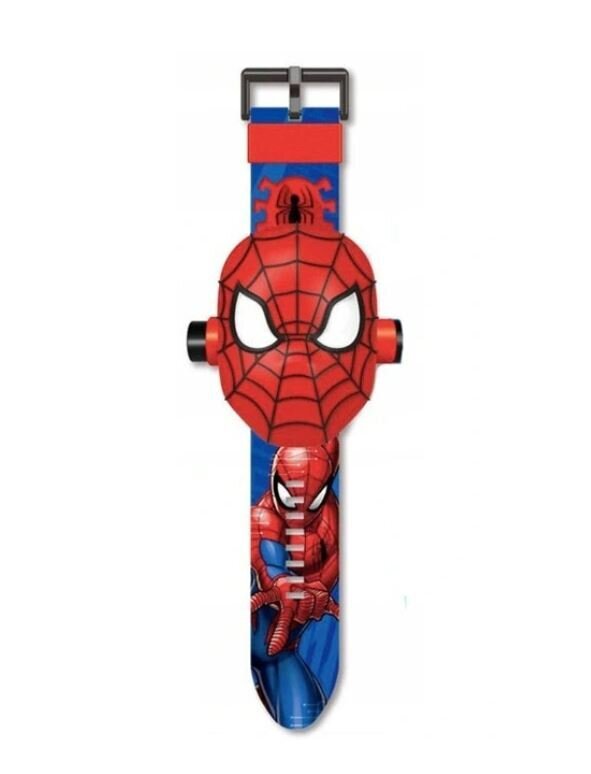 Laikrodis su projektoriumi Spider-Man цена и информация | Aksesuarai vaikams | pigu.lt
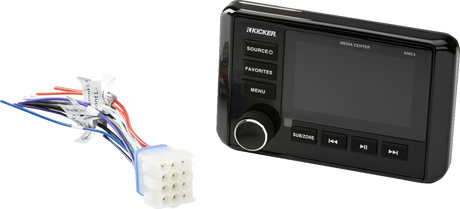 KICKER 51KMC4 Car Audio Source Unit with Bluetooth, Weather Band, and Customizable EQ for Jeep Wrangler, Ford F-150, Chevrolet Silverado, Toyota Tacoma, and Honda Ridgeline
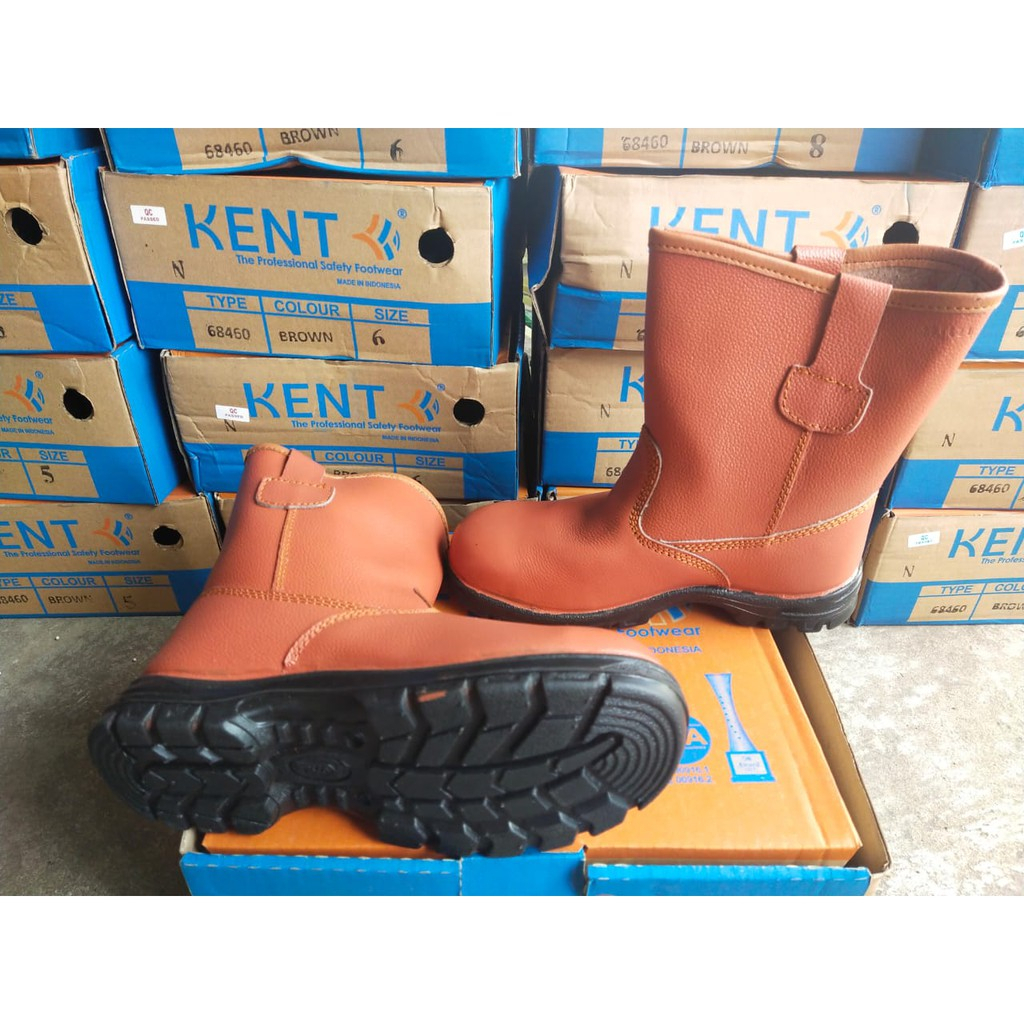 Sepatu Safety Kent Borneo / Sepatu Safety Boots Kent / Sepatu Safety Murah
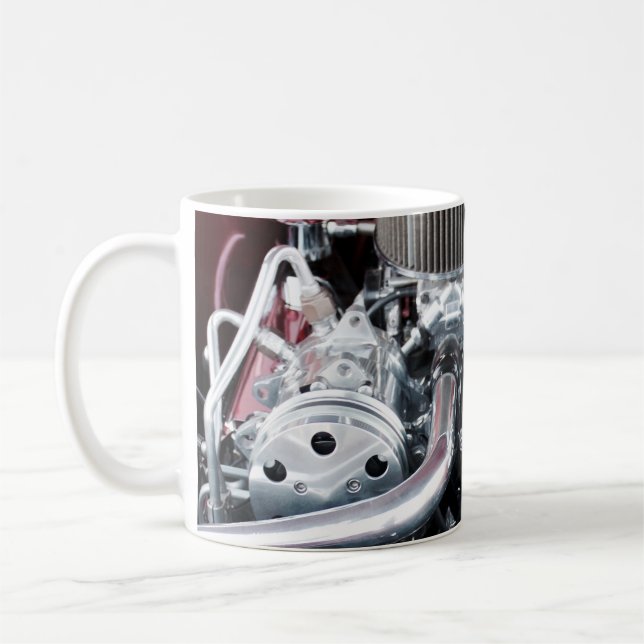 Taza De Café Motor de auto clásico (Izquierda)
========
## Work required
Please restate the data word for word, leaving out any picture it holds.

## Exercise response
 Laikrodis su projektoriumi Spider-Man цена и информация | Aksesuarai vaikams | pigu.lt
 KICKER 51KMC4 Car Audio Source Unit with Bluetooth, Weather Band, and Customizable EQ for Jeep Wrangler, Ford F-150, Chevrolet Silverado, Toyota Tacoma, and Honda Ridgeline
 Sepatu Safety Kent Borneo / Sepatu Safety Boots Kent / Sepatu Safety Murah
 Taza De Café Motor de auto clásico (Izquierda)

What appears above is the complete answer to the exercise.